Your dog might be experiencing a mild illness, such as stomach upset, or may have a broken or impacted tooth. He might not like the type of food you feed or have a recent association, such as a bitter tasting pill wrapped in food, that makes him hesitant to eat. Stress also may reduce appetite, so if your dog's environment has changed, this may be normal.
However, loss of appetite can be a sign of a serious illness, such as cancer. How quickly you consult your veterinarian may have to do with your dog. If your dog often skips a meal, one day may not be cause for concern. A dog who hasn't missed a meal in 10 years should be checked immediately.
The solution to the problem may be as simple as offering your dog a novel food source. If you always feed a chicken-based food, try switching to beef. Try adding moisture to the food or heating it up to increase the smell, particularly for older dogs. Feed freshly cooked food or adding fresh foods, such as cottage cheese or eggs. Strong smelling seasonings, such as oregano, rosemary, basil or parsley, may make the food more appetizing for your pet. Avoid onions and garlic, however, as these can be harmful to dogs. If your dog has developed a negative association, changing the feeding routine may help, such as feeding from a different bowl or plate or in a different area of the house. Be sure to check with your vet before changing your dog's diet.

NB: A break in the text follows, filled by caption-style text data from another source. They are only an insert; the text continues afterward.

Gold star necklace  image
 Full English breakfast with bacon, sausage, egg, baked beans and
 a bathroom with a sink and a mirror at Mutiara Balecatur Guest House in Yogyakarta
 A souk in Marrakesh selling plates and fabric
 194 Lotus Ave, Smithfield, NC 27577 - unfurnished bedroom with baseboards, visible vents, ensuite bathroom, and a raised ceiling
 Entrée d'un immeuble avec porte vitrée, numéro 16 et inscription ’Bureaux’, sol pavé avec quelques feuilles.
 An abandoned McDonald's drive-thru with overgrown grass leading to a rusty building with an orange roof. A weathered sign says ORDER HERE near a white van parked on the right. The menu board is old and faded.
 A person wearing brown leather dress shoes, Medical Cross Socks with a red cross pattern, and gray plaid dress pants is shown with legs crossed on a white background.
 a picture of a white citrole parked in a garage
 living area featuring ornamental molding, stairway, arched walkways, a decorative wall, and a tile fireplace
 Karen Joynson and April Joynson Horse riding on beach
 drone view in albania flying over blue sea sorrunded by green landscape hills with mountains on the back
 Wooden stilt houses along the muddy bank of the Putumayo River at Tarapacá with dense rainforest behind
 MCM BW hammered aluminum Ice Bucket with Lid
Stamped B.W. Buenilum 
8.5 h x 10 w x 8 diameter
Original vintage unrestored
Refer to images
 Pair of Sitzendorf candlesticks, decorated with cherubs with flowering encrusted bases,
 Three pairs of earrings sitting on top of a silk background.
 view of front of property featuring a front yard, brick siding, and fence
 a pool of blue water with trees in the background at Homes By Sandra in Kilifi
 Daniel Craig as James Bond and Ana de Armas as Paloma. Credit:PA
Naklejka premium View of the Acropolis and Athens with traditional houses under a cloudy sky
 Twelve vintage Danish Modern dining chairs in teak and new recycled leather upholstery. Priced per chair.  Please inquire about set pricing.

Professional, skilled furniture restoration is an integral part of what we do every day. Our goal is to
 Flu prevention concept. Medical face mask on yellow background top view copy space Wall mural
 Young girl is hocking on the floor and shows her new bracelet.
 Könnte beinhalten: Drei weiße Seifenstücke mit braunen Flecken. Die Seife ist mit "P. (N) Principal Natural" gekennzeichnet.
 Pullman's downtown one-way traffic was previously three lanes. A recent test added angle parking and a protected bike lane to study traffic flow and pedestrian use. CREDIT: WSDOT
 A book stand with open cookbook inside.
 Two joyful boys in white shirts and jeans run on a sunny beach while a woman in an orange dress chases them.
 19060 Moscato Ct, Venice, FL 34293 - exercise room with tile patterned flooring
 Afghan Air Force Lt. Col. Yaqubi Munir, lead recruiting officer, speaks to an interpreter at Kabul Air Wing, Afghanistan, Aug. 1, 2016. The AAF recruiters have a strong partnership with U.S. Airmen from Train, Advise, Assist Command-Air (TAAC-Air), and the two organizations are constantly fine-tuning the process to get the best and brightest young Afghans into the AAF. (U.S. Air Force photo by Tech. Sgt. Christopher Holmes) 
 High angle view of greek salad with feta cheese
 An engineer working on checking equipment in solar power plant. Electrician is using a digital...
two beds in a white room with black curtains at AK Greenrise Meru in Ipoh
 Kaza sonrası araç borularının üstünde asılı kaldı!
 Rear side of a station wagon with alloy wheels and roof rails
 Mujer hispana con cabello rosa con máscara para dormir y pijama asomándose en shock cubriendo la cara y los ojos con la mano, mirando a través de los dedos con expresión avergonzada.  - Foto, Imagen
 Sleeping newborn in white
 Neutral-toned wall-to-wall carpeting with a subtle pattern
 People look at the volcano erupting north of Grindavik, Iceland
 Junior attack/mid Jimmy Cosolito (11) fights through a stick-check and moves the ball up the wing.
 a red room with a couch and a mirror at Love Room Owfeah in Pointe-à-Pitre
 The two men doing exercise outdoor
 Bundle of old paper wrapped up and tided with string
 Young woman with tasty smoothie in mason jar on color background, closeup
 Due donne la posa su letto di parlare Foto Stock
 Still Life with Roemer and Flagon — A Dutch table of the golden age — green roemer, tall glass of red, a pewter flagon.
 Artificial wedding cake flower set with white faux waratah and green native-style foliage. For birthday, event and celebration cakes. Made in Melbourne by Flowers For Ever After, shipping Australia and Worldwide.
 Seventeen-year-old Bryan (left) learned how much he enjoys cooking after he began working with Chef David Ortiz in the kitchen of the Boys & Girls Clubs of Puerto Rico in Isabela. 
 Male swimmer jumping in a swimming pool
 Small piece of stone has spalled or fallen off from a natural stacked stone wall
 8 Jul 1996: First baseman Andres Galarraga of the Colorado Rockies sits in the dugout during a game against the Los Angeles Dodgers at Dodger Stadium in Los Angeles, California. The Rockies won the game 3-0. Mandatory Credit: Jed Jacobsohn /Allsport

Over the counter medications such as Pepcid AC can soothe your dog's digestive system but should only be used with the advice of a veterinarian. Your veterinarian may be able to provide you medication, such as Mirtzapine and Meclizine, which are anti-nausea medications that may stimulate appetite. Forcing your dog to eat, however, may not be the answer, and you may need to deal with other symptoms first. Consult your veterinarian for any loss of appetite that persists for more than a couple of days.
Always check with your veterinarian before changing your pet’s diet, medication, or physical activity routines. This information is not a substitute for a vet’s opinion.